Final reflections on the London Olympics
The Games of the 30th Olympiad are now written into the history books, a testament to the prowess, spirit and endurance of the athletes who participated, and to the marvels of modern communication that so vividly brought the Olympic spectacle into the living rooms of a sports-obsessed planet.
Despite earlier logistical and security concerns, London 2012 was about as good as any event of its size could possibly have been, managed with discipline and precision, and providing an optimal environment for record-breaking achievements.
And inasmuch as the superhuman achievements of swimmer Michael Phelps and sprinter Usain Bolt will long be remembered, the passion and poise of American gymnast Aly Reisman and the courage of South African Oscar (Blade Runner) Pistorius, remind us also of what these Games ought really to be about. Then, of course, there was the stunning moment when the French swimmer, Fabien Gilot, when raising his arms in triumph, revealed on his inner biceps, a tattoo in Hebrew that said, “I am nothing without them,” a moving tribute to Auschwitz survivor, Max Goldschmidt, who was married to Gilot’s grandmother, and was an inspiration to the young swimmer.
With each Olympics there are surprises, often punctuated by unexpected performances by particular athletes. This year, the British outdid themselves with a medal haul that placed them third overall, behind the United States and China. At the other end of the spectrum were the 109 nations that left London without a single medal. Among them was Israel, which failed to make the podium for the first time since 1988, causing sports minister Limor Livnat to call for “a shakeup of the system.”
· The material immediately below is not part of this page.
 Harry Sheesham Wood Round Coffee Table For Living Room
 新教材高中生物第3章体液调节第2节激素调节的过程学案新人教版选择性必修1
But aside from dreams realized and dreams shattered – all part of the vicissitudes of elite competition that can separate winners from also-rans by just fractions of a second – there was also to these Games a smoldering undercurrent of disappointment related not to sport itself but to one of sport’s pre-eminent governing bodies, the International Olympic Committee (IOC).
Even more so in retrospect, there is no convincing reason why a moment’s silence should not have been observed during the opening ceremonies, to commemorate the 11 Israelis who were murdered by Palestinian terrorists at the 1972 Munich Games. As pleas to do so mounted, so, too, did the voices of resistance become shriller and more defensive. The pervasive suspicion that the IOC brass stuck to their guns out of fear of repercussions from Arab delegations was further reinforced when no hint of censure was uttered after the head of the “Palestinian Olympic Committee” brazenly declared that it would be “racist” to express solidarity with the Munich victims.
That IOC president Jacques Rogge and his coterie of tag-alongs received a frosty reception at a memorial hosted by the Israeli Embassy in London could not have been more deserved. The capitulation and hypocrisy of these “Lords of the Rings” will forever tarnish the exalted ideals of the Olympic enterprise.
As this summer’s Olympiad fades into memory, Rio de Janeiro 2016 begins to slip into focus. Will the IOC’s position on the Munich 11 change by then? Don’t bet on it. A gold medal win by an Israeli athlete in Brazil is probably more achievable.